Public perception of contemporary architecture is often poor, with it being seen as barren and sterile. However, just as street trees do much to improve public perception of urban environments, so climbing plants can do the same for buildings. Large climbers, up to 25m high, can be extremely dramatic visually, as well as softening what may be seen as hard surfaces.
Climbing plants have traditionally been seen as 'add-ons' to buildings. The new approach, being pioneered in Switzerland and Germany, is to see them as integral to the design concept. Clearly this makes sense in both visual terms and in designing in practical features.
In addition to being used on buildings, climbers can be used on freestanding structures such as giant 'pergolas' or on poles. see MFO park illustration.

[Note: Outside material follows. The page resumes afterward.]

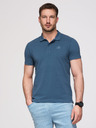 Ombre Clothing Férfi pamut pólóing BASIC - fehér/barna/sötétkék V4 OM-POBS-0171 Ombre Clothing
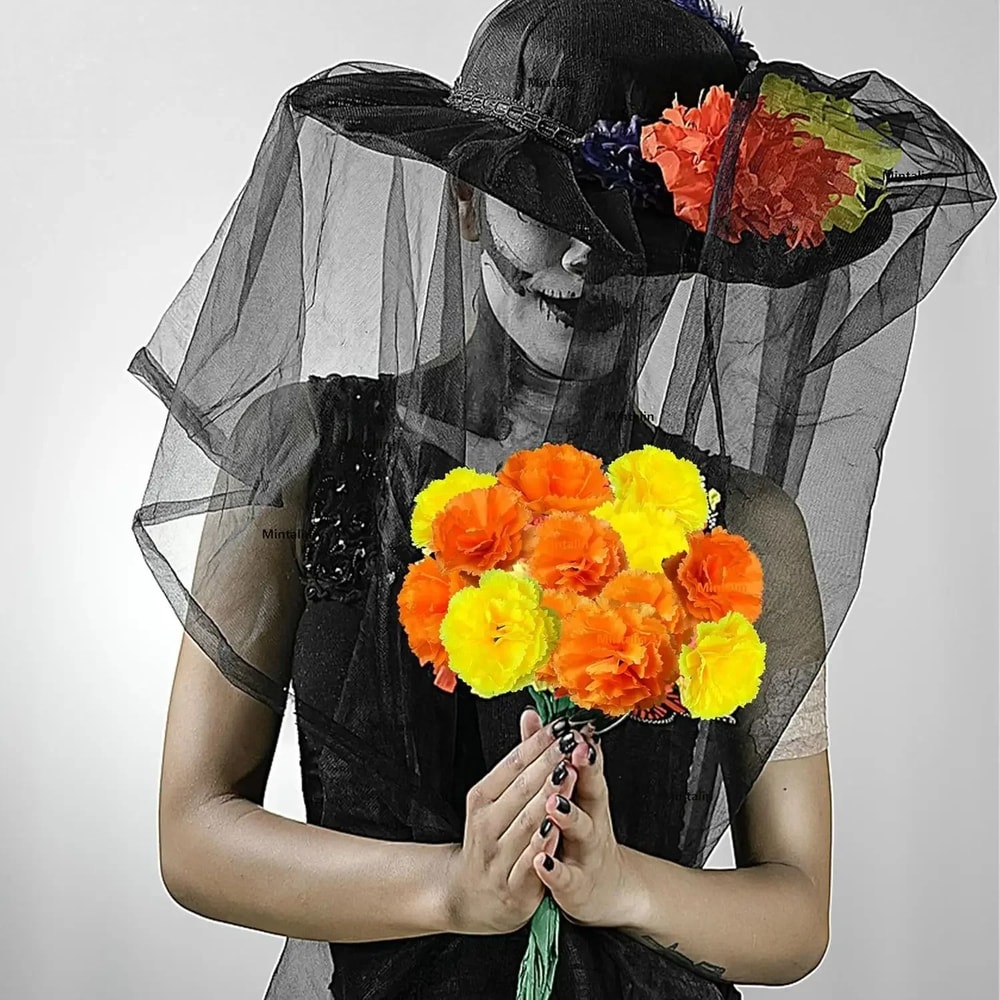 30Piece Artificial Marigold Flower Heads Vibrant Mexican Dia De Los Muertos Diwali Home DIY Decor 4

Advantages for Environment and Sustainability
Climbers can dramatically reduce the maximum temperatures of a building by shading walls from the sun, the daily temperature fluctuation being reduced by as much as 50%. The effectiveness of this cooling effect is related primarily to the total area shaded rather than the thickness of the climber (Köhler 1993). Together with the insulation effect, temperature fluctuations at the wall surface can be reduced from between –10º/14ºF to 60ºC/140ºF to between 5ºC/41ºF and 30º/86ºF (Peck et al 1999). The use of climbers to reduce solar heating is most effective if they are used on the wall that faces the sun, together with the west wall, which experiences afternoon heating.
Evergreen climbers provide winter insulation, by not only by maintaining a pillow of air between the plant and the wall, but by reducing wind chill on the wall surface. Reducing wind chill by 75% can reduce heating demand by 25% (Peck et al 1999). Reduction of wind chill is also reduced to some extent by the interwoven stems of deciduous climbers during winter. The effectiveness of winter insulation is related to the thickness of growth, which is generally related to the age of the plant. In some cases however growth patterns change as the plant ages, e.g. there may be a reduction in the dense twiggy growth that forms the most effective insulation.
Climbers on buildings can help protect the surface of the building from damage from very heavy rainfall and hail, and possibly can play some role in intercepting and temporarily holding water during rainstorms, in the way that green roofs do. They also help to shield the surface from ultra-violet light, which might be an important consideration for certain modern cladding materials.
Climbers have been shown to be highly effective at trapping dust and at concentrating certain dust-derived pollutants in their tissues, particularly in those tissues that are then discarded. In a study of climbers lead and cadmium concentrations were shown to be highest in dead leaves and dead wood. These heavy metals are thus taken out of the atmosphere and rain and concentrated in a form that then falls to the ground (Köhler 1993). The removal of dead leaves and branches and their disposal in sites where the concentrated heavy metals can do minimal environmental damage is thus a key factor in reducing the dangers presented by these elements.
There is strong anecdotal evidence that climbers on buildings help to reduce noise levels.
Reduction of solar heating of the sides of buildings helps to reduce the 'heat island effect', i.e. the effect whereby urban areas accentuate high temperatures in summer.
All green plants absorb CO2 emissions, thus climbers in urban areas help to reduce the contribution made to human-induced global warming.
All plants also absorb and breakdown a variety of pollutants, notably volatile organic compounds, and unburnt hydrocarbons from vehicle exhaust. It is a reasonable assumption that urban climbers could play a role in reducing these in city areas.
The use of climbing plants offers a very elegant solution to the problem of how to contribute to the local and regional biodiversity targets. Because they take up little horizontal space, but make use of vertical space that would otherwise be lifeless, they can add considerably to the area, which is potential habitat without taking up room on the ground.
The green walls also provide an opportunity for wildlife. Any climbing plant will offer habitat to invertebrates, such as insects and spiders, which in turn will be food for insect-eating birds and bats. Any climber will also act as a transit route for wildlife between habitat at ground level and those established on roofs in the form of green roofs.